AAA China’s manufacturers enable a new incubation model

China’s manufacturers enable a new incubation model

The current chronology followed by Silicon Valley hardware startups is slow and disordered. But that could change with a new incubation model emerging from an unlikely group – China’s global hardware manufacturers. Usually, when launching a hardware business, startups make prototypes, then raise capital so they can fund production. They then often turn to China, where they begin the arduous process of identifying and trying out multiple suppliers, manufacturers and logistics companies.

After a time-consuming and, frankly, painful process of speed-dating, fraught with miscommunication, startups will choose their partners. These relationships are transactional in nature, which means right from the onset, there is a fundamental misalignment of interests between volume on the supply side and quality, brand equity and sustainable growth on the startup side. Without pushing large volume, startups are unable to command quality from the supply chain. Eventually a product is produced and brought to market, though it is not always the intended original design.

Take Kickstarter campaigns, for example. Of the campaigns that successfully deliver a product, only about 15% ship on time. Many more never come to mass production. Lily, the drone startup, is notorious for failing to produce after raising $34m in a crowdfunding campaign. Even VC-backed well-funded US hardware companies struggle to align their designs with production processes and cost realities. Nest, Pebble and Jawbone are all examples of Silicon Valley-backed hot brand names that struggled to play the hardware game as prescribed by US venture capital rhetoric.

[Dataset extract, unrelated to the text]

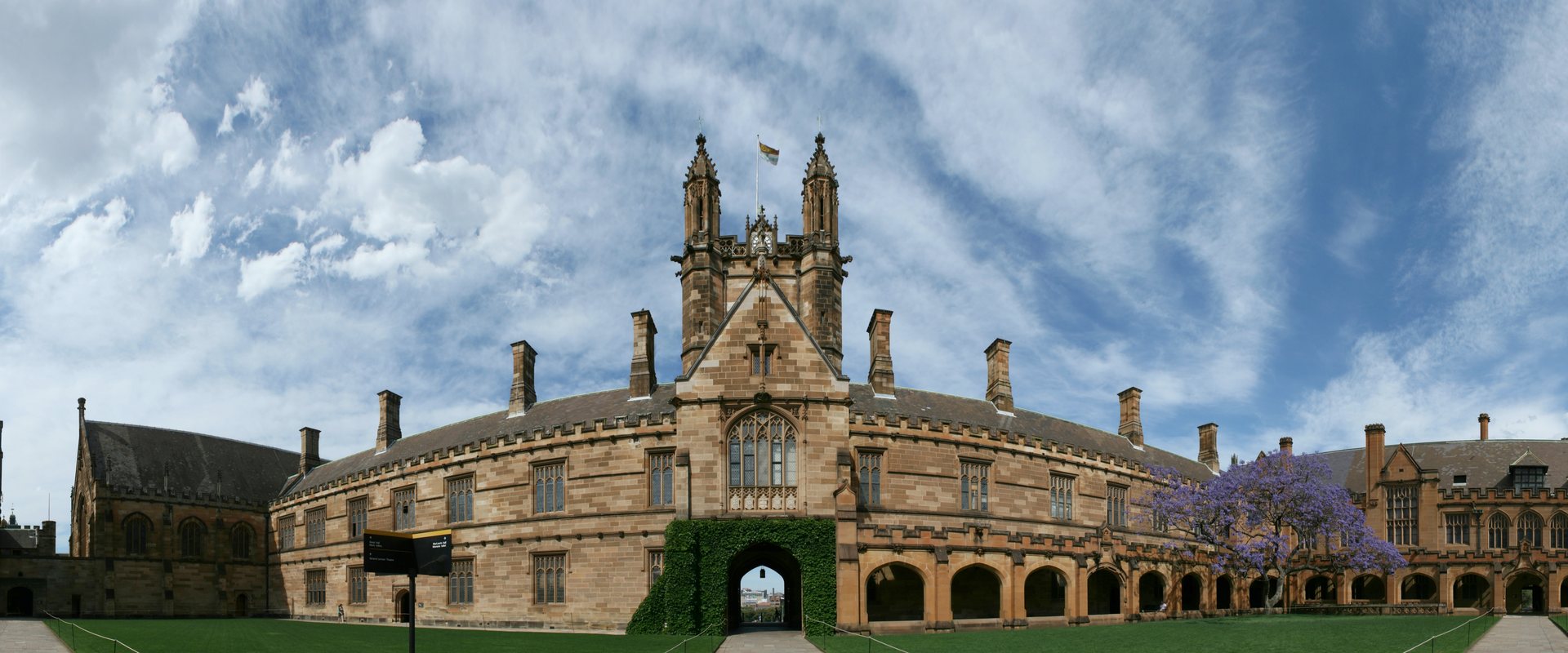 Main Quadrangle, University of Sydney, Australia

Meanwhile, China is well known for its hardware manufacturing capabilities. More than 90% of the world’s electronics move through China at some point during their production process. This reputation as the world’s assembly line masks two things – China has best-in-class large-scale industrial production know-how, and Chinese companies have incredible engineering prowess that is reality-based, not theoretical. Many of these manufacturing goliaths are hungry to move beyond their low-margin wheelhouse.

The dawn of something new

This desire of China’s manufacturing goliaths to be more than hired labour gives startups an alternative to the traditional Silicon Valley VC path. By taking their prototypes directly to manufacturers and taking a small seed round from those companies, startups are able to tear down many of the barriers that continually plague Silicon Valley hardware companies.

When the supplier has skin in the game, several interests align, as the potential profit-sharing from a startup’s success can be far beyond a nominal manufacturing margin. The supplier now has an incentive to keep production costs low, a disincentive to work with any competitors or abuse the intellectual property, a sense of responsibility to maintain the highest quality controls, and an urgency to bring the product to market as quickly as possible.

Aligning interests with a supply chain partner, startups can leverage the partner to buy or lease all the production capacity needed at below-market production rates. Startups are creating products that engineers have put together using the best materials and best possible traits of existing products. It is a combination that has enabled startups to create a completely new and unique model and open up a brand new product segment that did not exist before, more quickly than ever before.

This trend is logically more prominent in manufacturing capital-intensive industries. Sunwoda, China’s largest consumer battery pack manufacturer, has invested in two prominent Chinese startups, Anker and JieDian, for example. Scud, the second largest in the battery pack space, has invested in LaiDian and Xiaole. With manufacturing secured and products already on the market, these companies can later turn to VCs for growth money at more advantageous valuations.

This is done instead of diluting valuations simply to raise VC money to bargain with manufacturers on R&D costs and bridge cashflow gaps on early production runs. Moreover, when the manufacturers are on the startup’s side, they can help optimise costs, mitigate frequent production errors and extend payment terms on early production. It is difficult for VCs to match that platform, and these Chinese startups have begun to realise that fact first.

Global startups starting to follow suit

When my company began designing our first product, we sought our supply chain partners prior even to incorporating. At the inception level, we gave minority equity stakes to Scud, which I mentioned above, and ESID, a consumer electronics industrial design firm. These supply chain partners became not just suppliers or investors but rather proud founding members of the team at the initial incorporation stage. They have incubated and guided our supply chain every step of the way, working with us, not for us.

In less than 11 months we designed, developed, produced, and shipped 5,000 units of our first product, a sophisticated energy storage system, to 21 countries. We have also shipped a full range of accessories and are in preproduction for a second product launch – and we have hired more than 10 full-time employees. To date, we have yet to raise a round of angel or VC funding.

Gi FlyBike is another exemplary pioneering global startup – an e-bike company founded by a group of Argentinians. After a successful crowdfunding campaign, Gi Flybike took its designs to Yadea Technology Group, a global leader in e-bike manufacturing with nearly two decades of history. The manufacturer sells more than 3 million e-bikes to five continents, with almost 15% global market share. The Gi FlyBike R&D team is based inside the Yadea Technology Group manufacturing plant, entering its first mass production stage.

Startups that hatch ready to hit the market

We are at the beginning of a new era of Chinese and Chinese-western startups that hatch ready to hit the market. The needs of these companies are, and will be, different. They are able to leverage locals in China’s manufacturing centres with strong knowledge of the supply chain as well as experienced founders who know the end markets. They are creating new value in unused capacity, in back-of-envelope sketches and offbeat ideas from some great engineers.

While this hardware manufacturer incubation model could, and will, be replicated around the world, rich and hungry Chinese manufacturers are probably the most ready to engage today. It will be difficult for western manufacturers to compete with the cost, speed, niche specialisation and production scale of the new China.

There is a new cadence for global hardware companies, and it does not have to start in Silicon Valley with venture capitalists.